Short web captions:
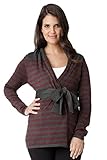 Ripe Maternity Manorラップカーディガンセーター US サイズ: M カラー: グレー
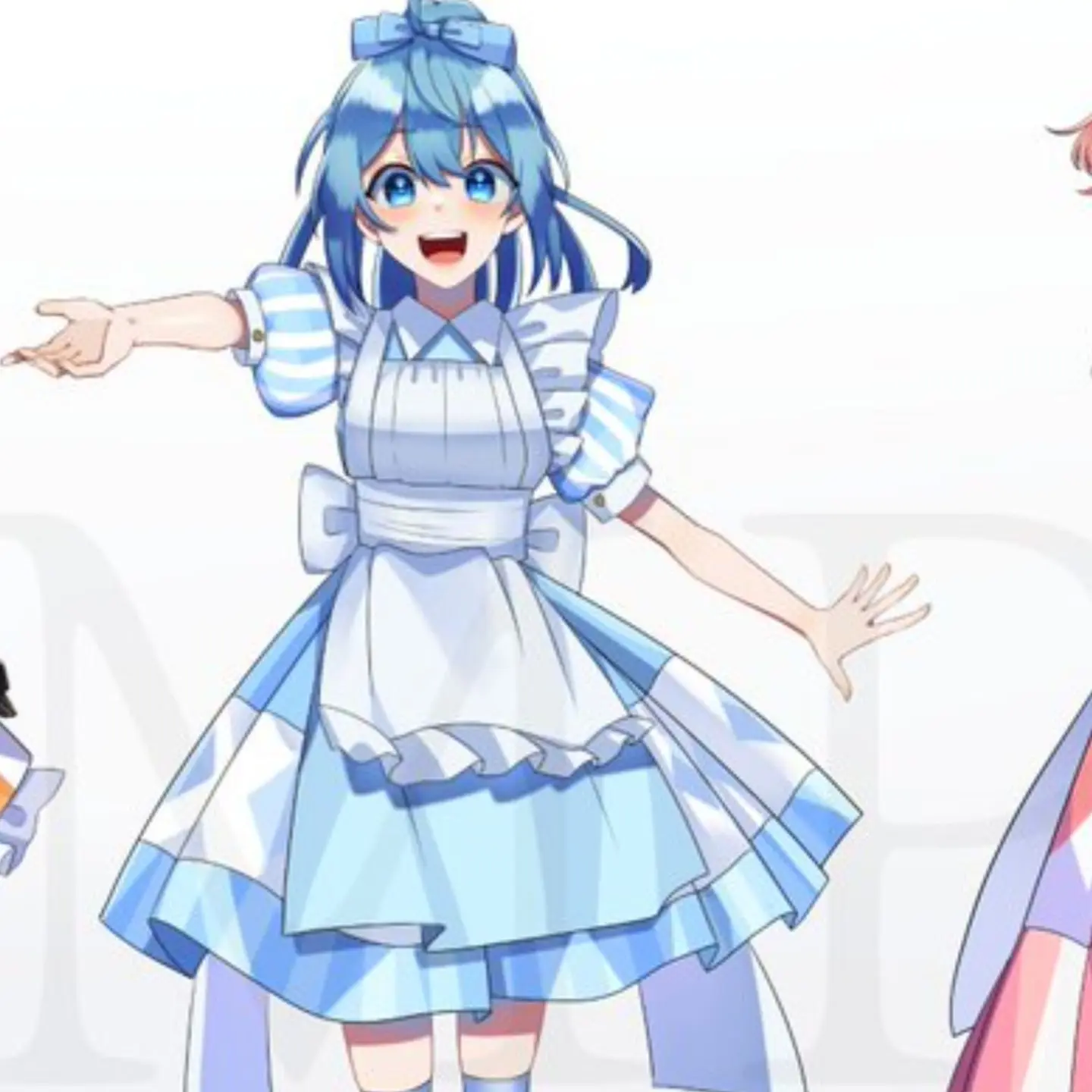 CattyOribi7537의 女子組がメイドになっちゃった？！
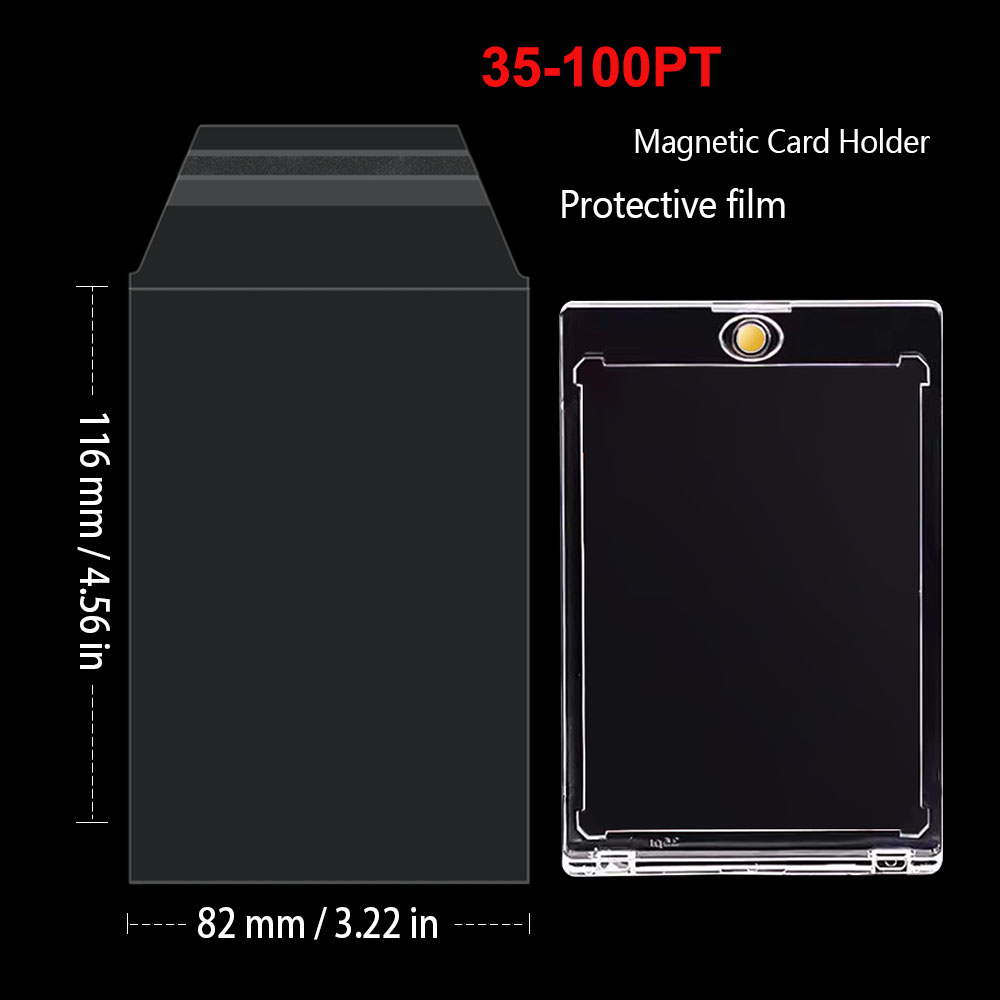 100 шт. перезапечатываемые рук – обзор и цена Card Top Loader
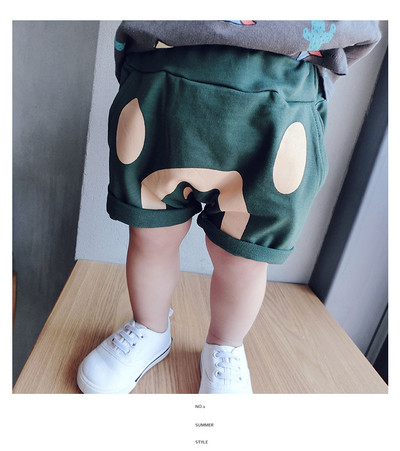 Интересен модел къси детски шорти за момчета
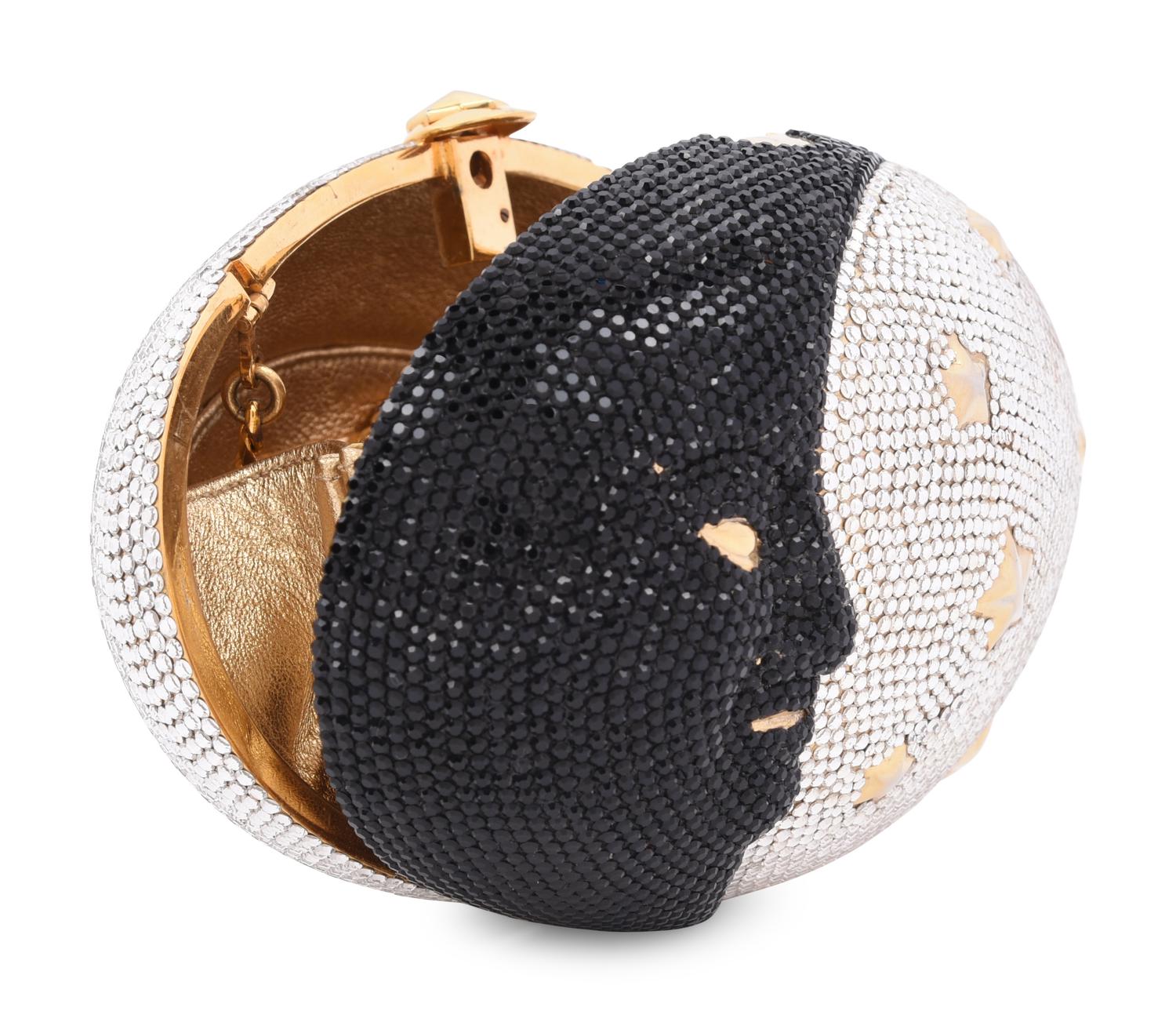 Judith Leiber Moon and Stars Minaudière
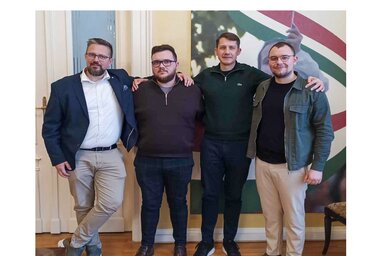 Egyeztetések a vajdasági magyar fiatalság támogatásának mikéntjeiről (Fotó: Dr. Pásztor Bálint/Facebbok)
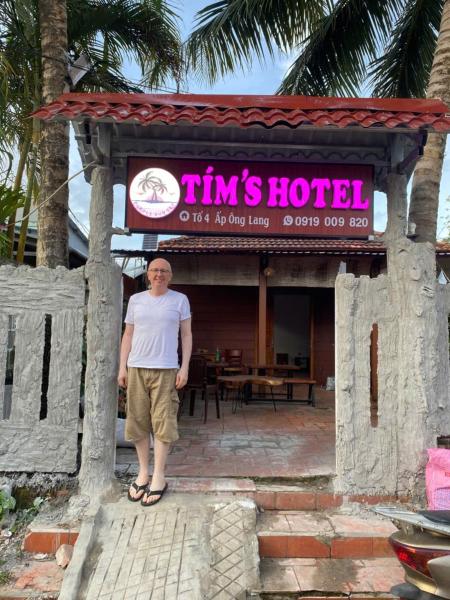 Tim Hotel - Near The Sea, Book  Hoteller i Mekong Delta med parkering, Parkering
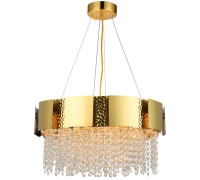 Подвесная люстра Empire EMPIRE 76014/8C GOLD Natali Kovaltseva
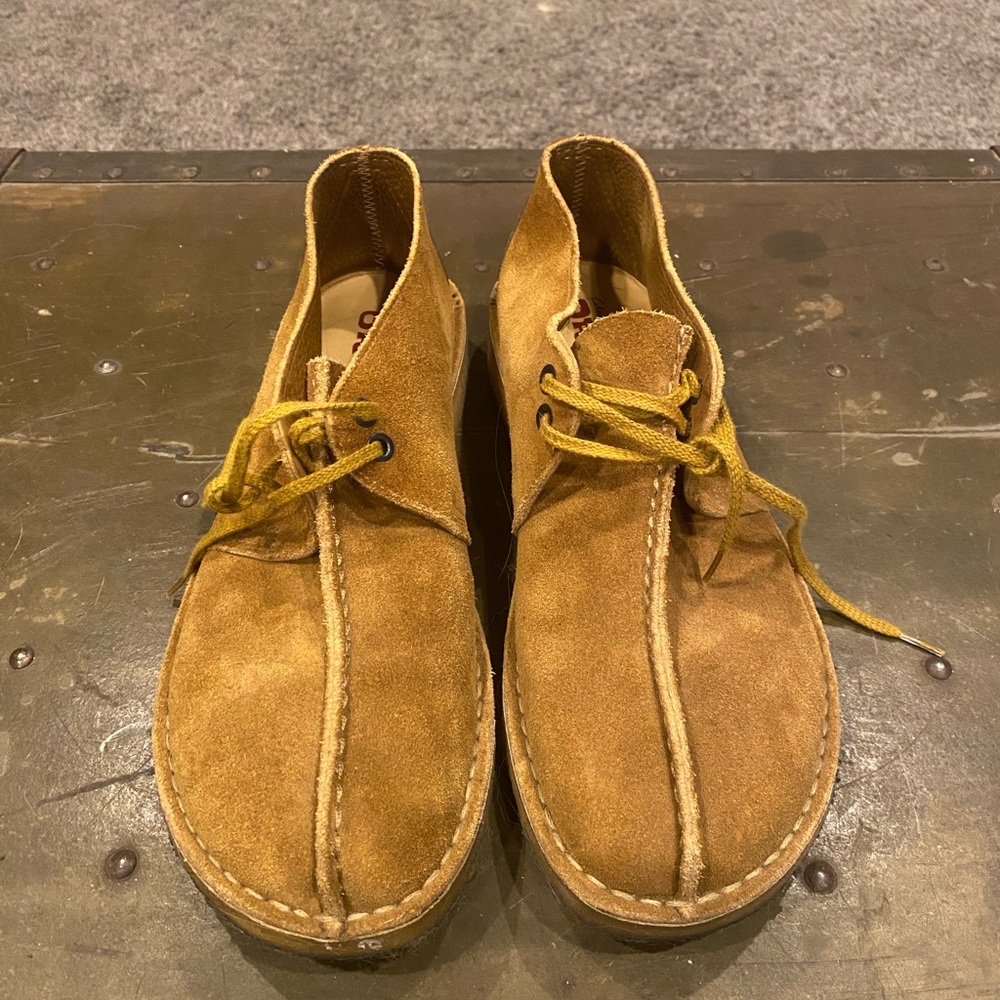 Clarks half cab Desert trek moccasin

What to produce: Transcribe exactly the lines running from the line with "CattyOribi7537의 女子組がメイドになっちゃった？！" to the last line of the entries. Pictures stay out of the copy.

Written reply:
 CattyOribi7537의 女子組がメイドになっちゃった？！
 100 шт. перезапечатываемые рук – обзор и цена Card Top Loader
 Интересен модел къси детски шорти за момчета
 Judith Leiber Moon and Stars Minaudière
 Egyeztetések a vajdasági magyar fiatalság támogatásának mikéntjeiről (Fotó: Dr. Pásztor Bálint/Facebbok)
 Tim Hotel - Near The Sea, Book  Hoteller i Mekong Delta med parkering, Parkering
 Подвесная люстра Empire EMPIRE 76014/8C GOLD Natali Kovaltseva
 Clarks half cab Desert trek moccasin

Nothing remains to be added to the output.